95 Percent of Light Energy Captured by New Solar Product

An important breakthrough has been made in solar power technology. A University of Missouri engineer has developed a flexible solar power sheet that can capture up to 95 per cent of sunlight.

This is way more than the average 20 per cent that present solar panels can achieve. Some studies indicate most PV solar panels can have as low as 10 per cent efficiency in converting sunlight into electricity.

Patrick Pinhero, an associate professor in the University of Missouri Chemical Engineering Department, plans to make prototypes within the next five years. Typical photovoltaic methods of solar collection are inefficient and waste much of the available sunlight.

The device that his team developed makes it possible to harvest the heat from industrial processes and convert it to electricity. His new solar panel design is a thin, flexible sheet of small antennas called NanTenna.

He plans to improve this concept so that it can be capable of collecting solar irradiation in the infrared and optical regions of the solar spectrum. These regions are untouched by present solar panels.

Working with Pinhero in this project are his former team members at the Idaho National Laboratory and Garrett Moddel, who is an electrical engineering professor at the University of Colorado.
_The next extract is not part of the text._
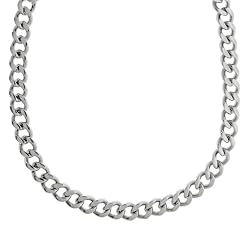 Men's Stainless Steel Curb Chain Necklace, 22''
The team managed to discover a method to extract electricity from heat and sunlight through special high-speed electrical circuitry.
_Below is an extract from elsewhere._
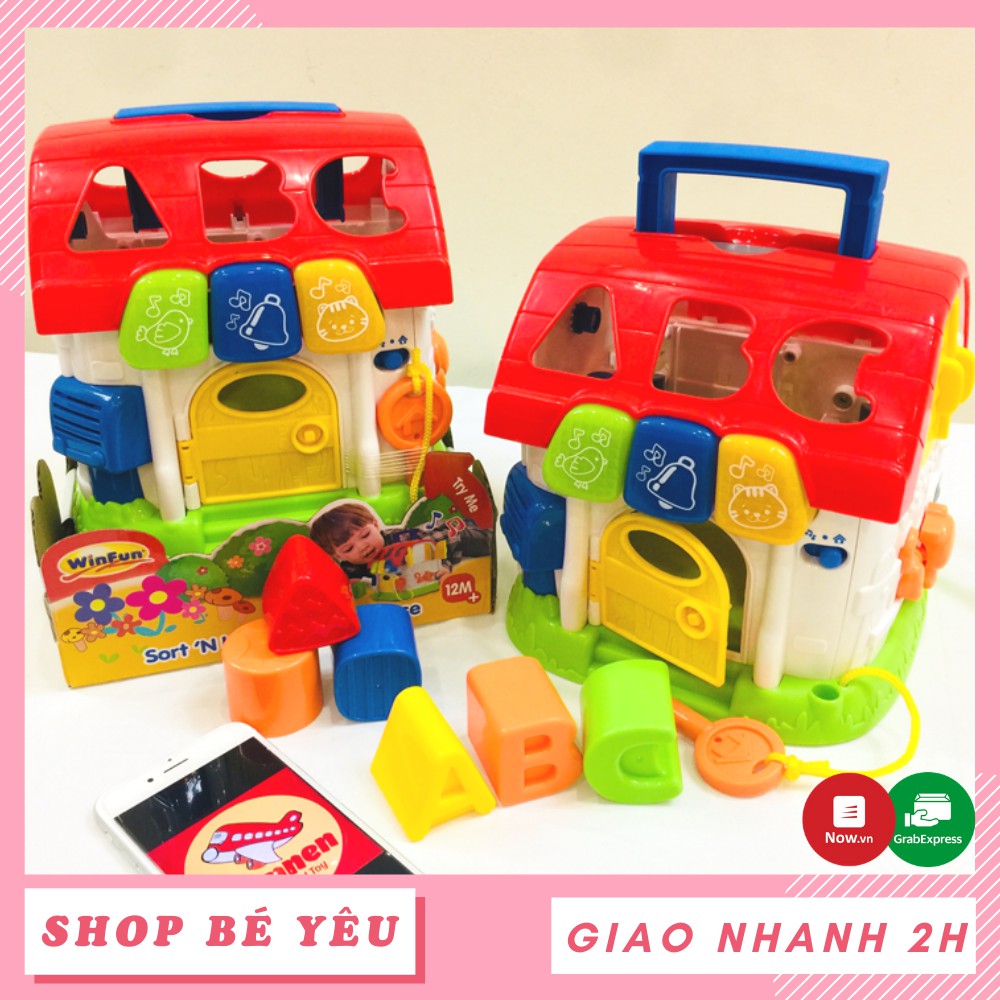 Đồ chơi thả hình khối  𝑭𝒓𝒆𝒆𝒔𝒉𝒊𝒑   Ngôi nhà di động có thả hình khối Winfun 0772 NL chính hãng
They plan to port the laboratory bench-sized technology to a working device for the consumers that can be mass-produced to decrease the costs. It is their goal to collect and utilize solar energy and to bring it to the masses in a cheap package.
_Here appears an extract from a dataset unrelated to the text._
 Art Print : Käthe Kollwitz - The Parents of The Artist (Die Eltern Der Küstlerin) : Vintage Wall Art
If they are successful then it would be a quantum leap from current solar energy technologies, which are inefficient. The team is now securing a grant from the United States Department of Energy and private investors.

The second phase of their rollout plan is to have the energy harvesting device ready for industrial infrastructures, which include solar farms and heat process plants. Their target is to have their product ready to complement the existing PV solar panels in five years.

Because it is a flexible film, Pinhero said that it can be part of roof shingle products or incorporated into solar power cars. Once the funding problem is resolved, Pinhero will focus on spin-off products, such as infrared detection.

Practical uses include contraband identifying products for military and airports, infrared line of sight telecommunications and optical computing.